- What the task asks
From the records below, output exactly the lines starting at the line with "Caraguatatuba recebe o" and ending at the line with "Land Rover Range", both of them included, but no pictures.

- Exercise materials
########

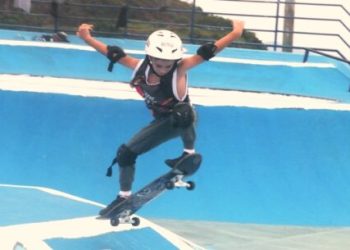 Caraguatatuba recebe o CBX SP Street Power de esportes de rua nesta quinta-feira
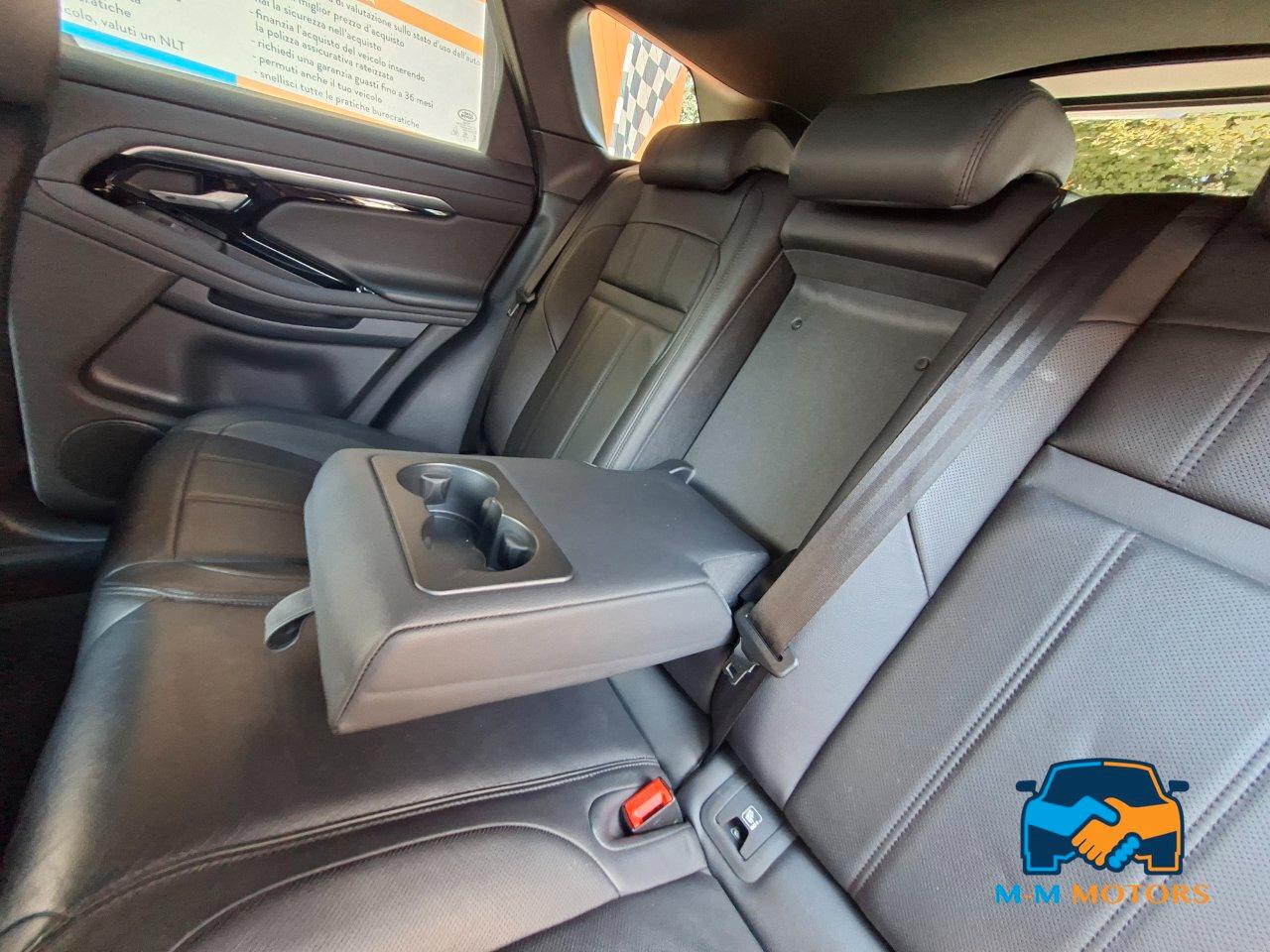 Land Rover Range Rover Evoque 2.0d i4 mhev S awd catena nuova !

########

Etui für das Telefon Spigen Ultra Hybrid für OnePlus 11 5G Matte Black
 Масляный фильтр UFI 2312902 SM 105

########

- Response area
 Caraguatatuba recebe o CBX SP Street Power de esportes de rua nesta quinta-feira
 Land Rover Range Rover Evoque 2.0d i4 mhev S awd catena nuova !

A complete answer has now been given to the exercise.